CANNES, France -- A chilly downpour greeted arrivals on the Côte d'Azur this week, with the promise of more un-beach-friendly weather to follow. Parties, interview sessions and other manufactured events were feverishly rescheduled to more sheltered locations. But while the sunny weather and picture-postcard scenery of the Riviera are usually a lot more pleasant this time of year, they aren’t the real reason why the entire film industry descends on this overgrown resort town for 10 days every spring. Now we all have an excuse to head indoors and watch movies.
I’ve already read other critics proclaiming in advance that this 66th Festival de Cannes -- which got underway on Wednesday night with the star-studded but rain-soaked European premiere of "The Great Gatsby," followed by murky midnight fireworks -- will be a memorably great one, with one of the strongest lineups in years. OK, sure, maybe. But more than anything, that’s a film-industry reaction to the fact that this festival has premiered several movies in recent years that made a big impact in America, “The Artist” and “Amour” being the most obvious examples. It’s certainly possible that this year’s festival will produce Oscar-winning films or culture-condensing moments, and a lot of people are looking forward to Alexander Payne’s “Nebraska,” the Coen brothers’ “Inside Llewyn Davis” and “Jimmy P.” -- the first English-language film from the great French director Arnaud Desplechin -- with that in mind. (Should I work in a gratuitous mention of James Franco's Faulkner adaptation, "As I Lay Dying"? Sure, why not? Puzzlingly, that is officially Franco's fifth feature as a director.)
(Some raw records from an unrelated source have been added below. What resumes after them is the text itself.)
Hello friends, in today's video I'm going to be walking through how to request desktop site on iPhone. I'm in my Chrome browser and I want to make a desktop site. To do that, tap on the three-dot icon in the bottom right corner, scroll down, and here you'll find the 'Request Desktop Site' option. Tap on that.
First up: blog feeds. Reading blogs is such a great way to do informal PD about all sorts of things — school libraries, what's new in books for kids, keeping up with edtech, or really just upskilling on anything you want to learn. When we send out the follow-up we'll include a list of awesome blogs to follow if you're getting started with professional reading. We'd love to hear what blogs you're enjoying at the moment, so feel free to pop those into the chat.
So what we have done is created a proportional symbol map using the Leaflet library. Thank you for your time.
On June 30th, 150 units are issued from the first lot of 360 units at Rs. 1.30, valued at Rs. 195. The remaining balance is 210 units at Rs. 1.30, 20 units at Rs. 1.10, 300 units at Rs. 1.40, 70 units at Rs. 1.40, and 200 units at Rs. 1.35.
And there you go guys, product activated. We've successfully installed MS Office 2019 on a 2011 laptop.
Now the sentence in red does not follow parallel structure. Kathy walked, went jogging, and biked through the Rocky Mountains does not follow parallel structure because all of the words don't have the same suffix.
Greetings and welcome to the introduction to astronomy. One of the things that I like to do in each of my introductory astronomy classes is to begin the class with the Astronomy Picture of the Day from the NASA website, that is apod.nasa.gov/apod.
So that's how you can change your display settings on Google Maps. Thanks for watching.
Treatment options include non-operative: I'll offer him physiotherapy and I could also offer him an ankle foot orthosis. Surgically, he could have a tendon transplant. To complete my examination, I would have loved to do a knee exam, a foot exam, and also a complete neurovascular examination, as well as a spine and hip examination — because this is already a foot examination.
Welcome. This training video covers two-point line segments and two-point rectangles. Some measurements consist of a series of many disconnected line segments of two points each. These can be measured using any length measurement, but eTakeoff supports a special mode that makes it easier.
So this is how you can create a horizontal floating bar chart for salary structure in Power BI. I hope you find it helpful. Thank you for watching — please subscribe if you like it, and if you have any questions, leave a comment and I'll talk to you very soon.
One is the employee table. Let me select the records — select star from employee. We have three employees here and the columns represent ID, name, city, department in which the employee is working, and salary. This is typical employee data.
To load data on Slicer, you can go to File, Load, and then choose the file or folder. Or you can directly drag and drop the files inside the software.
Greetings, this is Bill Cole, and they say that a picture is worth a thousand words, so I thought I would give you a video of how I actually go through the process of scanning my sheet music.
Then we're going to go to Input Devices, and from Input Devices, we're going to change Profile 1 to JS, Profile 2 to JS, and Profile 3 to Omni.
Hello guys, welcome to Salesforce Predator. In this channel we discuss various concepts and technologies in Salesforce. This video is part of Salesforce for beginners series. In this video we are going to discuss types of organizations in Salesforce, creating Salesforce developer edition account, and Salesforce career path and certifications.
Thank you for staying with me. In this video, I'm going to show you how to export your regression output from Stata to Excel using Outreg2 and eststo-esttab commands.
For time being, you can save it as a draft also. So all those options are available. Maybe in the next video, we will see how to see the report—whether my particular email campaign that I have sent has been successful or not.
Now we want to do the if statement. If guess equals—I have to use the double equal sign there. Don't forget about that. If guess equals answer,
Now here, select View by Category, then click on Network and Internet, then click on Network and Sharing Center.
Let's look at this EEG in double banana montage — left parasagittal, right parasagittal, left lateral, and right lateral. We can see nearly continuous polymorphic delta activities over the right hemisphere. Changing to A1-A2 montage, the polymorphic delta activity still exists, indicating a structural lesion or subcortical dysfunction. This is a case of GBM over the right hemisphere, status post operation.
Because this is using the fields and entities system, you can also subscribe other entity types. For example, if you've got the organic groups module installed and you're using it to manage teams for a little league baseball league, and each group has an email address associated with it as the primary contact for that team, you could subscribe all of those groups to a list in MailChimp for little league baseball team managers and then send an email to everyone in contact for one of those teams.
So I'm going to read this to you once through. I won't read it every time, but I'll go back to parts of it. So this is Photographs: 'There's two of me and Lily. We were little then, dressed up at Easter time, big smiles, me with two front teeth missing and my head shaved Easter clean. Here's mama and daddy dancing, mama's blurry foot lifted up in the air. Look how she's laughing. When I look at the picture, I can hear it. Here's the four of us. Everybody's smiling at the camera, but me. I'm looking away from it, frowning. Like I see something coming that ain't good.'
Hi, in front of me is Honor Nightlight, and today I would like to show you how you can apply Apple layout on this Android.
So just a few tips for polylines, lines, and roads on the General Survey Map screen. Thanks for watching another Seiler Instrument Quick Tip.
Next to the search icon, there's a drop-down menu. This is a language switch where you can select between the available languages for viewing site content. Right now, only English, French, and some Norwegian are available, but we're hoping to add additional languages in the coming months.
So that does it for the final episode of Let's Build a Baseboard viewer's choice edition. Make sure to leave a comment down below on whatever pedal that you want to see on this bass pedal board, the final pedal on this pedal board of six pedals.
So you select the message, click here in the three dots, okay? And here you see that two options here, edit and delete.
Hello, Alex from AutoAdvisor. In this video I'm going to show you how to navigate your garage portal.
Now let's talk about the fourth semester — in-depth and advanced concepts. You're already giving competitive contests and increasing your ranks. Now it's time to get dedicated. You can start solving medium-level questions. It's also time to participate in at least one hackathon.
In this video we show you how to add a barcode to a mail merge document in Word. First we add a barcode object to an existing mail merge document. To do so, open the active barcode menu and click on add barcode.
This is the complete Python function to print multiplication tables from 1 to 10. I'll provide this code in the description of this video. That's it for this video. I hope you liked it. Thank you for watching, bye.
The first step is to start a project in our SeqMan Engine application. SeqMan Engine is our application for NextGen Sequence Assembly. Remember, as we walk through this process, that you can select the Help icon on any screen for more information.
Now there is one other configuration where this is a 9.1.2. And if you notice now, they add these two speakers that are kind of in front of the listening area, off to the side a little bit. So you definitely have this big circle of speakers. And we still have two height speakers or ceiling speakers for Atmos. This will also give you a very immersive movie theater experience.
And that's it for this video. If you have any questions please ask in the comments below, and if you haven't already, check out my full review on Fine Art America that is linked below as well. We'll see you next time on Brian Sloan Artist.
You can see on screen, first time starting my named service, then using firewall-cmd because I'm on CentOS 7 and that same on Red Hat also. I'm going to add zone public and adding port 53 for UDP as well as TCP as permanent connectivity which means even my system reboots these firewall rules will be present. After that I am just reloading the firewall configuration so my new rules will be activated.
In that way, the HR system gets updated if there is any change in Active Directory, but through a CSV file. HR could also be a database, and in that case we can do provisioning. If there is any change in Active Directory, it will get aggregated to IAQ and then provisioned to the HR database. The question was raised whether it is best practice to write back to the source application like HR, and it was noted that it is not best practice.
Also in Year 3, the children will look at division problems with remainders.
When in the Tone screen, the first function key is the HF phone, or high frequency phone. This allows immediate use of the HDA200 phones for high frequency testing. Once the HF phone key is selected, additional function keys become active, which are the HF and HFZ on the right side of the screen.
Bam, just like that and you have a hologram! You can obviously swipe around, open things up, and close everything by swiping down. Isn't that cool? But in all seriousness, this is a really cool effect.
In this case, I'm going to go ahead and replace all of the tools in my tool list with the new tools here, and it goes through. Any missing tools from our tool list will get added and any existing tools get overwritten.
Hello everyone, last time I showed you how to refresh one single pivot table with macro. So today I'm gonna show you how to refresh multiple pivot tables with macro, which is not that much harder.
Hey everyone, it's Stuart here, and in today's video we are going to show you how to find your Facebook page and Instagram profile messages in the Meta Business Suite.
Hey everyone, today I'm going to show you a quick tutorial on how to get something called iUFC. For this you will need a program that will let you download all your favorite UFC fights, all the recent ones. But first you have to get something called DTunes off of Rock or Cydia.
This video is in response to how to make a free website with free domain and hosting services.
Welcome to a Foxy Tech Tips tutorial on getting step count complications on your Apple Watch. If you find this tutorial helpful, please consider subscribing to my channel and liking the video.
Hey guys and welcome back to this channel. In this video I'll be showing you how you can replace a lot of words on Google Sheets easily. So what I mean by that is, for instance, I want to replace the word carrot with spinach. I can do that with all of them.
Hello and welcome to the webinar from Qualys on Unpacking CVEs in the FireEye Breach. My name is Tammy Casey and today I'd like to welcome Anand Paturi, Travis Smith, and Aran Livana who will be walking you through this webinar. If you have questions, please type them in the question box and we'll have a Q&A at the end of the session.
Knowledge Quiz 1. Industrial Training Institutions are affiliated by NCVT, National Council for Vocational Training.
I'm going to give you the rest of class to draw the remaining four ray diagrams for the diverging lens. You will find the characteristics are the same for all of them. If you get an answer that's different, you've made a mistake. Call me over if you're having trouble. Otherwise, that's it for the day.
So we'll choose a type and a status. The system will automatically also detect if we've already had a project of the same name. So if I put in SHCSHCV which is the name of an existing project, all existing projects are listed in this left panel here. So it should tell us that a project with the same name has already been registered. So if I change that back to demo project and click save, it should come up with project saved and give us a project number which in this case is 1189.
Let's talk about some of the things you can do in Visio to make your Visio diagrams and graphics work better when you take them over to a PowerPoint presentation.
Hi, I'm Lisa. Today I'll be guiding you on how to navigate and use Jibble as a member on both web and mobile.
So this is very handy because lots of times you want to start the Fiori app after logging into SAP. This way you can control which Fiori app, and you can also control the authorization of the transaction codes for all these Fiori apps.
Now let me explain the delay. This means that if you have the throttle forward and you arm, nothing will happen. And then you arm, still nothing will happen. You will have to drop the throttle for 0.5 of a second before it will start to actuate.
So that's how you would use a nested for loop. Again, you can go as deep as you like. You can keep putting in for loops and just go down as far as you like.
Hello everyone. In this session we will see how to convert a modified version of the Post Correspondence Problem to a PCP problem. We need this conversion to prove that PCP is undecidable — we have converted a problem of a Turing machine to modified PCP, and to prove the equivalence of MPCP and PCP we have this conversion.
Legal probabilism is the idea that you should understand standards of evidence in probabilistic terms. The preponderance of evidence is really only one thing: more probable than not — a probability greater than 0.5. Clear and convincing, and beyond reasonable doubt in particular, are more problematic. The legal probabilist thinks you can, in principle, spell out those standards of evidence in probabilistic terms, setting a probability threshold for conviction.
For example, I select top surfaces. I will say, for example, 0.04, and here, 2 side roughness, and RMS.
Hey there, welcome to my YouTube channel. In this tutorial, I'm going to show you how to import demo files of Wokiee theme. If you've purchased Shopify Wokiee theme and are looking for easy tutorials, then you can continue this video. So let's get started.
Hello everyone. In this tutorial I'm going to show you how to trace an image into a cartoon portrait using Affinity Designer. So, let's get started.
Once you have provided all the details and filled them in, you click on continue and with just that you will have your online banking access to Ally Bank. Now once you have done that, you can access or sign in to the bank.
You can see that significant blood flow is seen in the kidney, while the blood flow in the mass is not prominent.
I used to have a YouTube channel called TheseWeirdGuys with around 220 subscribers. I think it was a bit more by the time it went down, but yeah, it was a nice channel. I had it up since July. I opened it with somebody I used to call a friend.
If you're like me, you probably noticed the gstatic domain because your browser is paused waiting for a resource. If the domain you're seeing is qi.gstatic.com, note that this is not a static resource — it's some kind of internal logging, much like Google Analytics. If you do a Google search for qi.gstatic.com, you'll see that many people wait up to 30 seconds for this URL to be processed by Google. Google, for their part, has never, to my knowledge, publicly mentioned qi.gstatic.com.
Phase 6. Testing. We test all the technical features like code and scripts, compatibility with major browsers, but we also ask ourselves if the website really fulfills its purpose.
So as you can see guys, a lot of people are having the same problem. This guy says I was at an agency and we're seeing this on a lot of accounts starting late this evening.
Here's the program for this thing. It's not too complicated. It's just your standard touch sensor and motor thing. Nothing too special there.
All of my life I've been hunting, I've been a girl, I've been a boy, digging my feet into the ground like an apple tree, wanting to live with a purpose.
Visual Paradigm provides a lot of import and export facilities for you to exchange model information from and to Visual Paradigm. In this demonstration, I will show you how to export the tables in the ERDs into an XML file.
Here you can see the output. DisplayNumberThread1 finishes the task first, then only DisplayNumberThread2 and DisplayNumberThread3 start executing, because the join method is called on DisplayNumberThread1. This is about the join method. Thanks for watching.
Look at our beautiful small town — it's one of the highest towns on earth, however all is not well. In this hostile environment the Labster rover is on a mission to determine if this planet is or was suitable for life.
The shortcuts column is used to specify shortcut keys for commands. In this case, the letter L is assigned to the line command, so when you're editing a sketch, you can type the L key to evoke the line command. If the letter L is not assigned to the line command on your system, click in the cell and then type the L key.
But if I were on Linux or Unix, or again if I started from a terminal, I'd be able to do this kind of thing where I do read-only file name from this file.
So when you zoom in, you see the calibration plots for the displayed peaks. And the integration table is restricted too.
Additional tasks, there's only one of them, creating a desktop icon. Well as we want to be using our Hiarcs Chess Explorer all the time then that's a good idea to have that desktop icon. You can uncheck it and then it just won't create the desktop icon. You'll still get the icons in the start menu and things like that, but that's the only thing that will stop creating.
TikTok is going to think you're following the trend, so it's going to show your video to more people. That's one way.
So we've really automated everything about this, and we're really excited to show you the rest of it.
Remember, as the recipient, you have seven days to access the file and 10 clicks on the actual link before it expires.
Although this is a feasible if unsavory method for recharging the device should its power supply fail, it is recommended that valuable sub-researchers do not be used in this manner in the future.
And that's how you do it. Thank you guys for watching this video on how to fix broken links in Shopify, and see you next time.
But there’s a lot more to Cannes than star power and awards calculus, important currency as those things may be. The true value of this festival still lies the fact that immensely knowledgeable people have curated a list of unseen and ambitious cinema from all over the globe, most of which hardly anyone knows about and some of which will be very difficult to ever see again. I’m profoundly grateful for the time I’ve spent here over the years watching movies I knew nothing about purely on impulse, from Lucrecia Martel’s "The Headless Woman" to Naomi Kawase’s “The Mourning Forest” to Albert Serra’s “Birdsong,” which ended up blowing my mind and ever so slightly altering the course of my life. So this list, exciting as it is, reflects the movies that the film-crazed tea-leaf readers of Cannes already know about, the discoveries we’ve made in advance. The real discoveries – the ones that will determine whether people murmur regretfully during future festivals, “It was good, but it was no 2013” – those still lie ahead.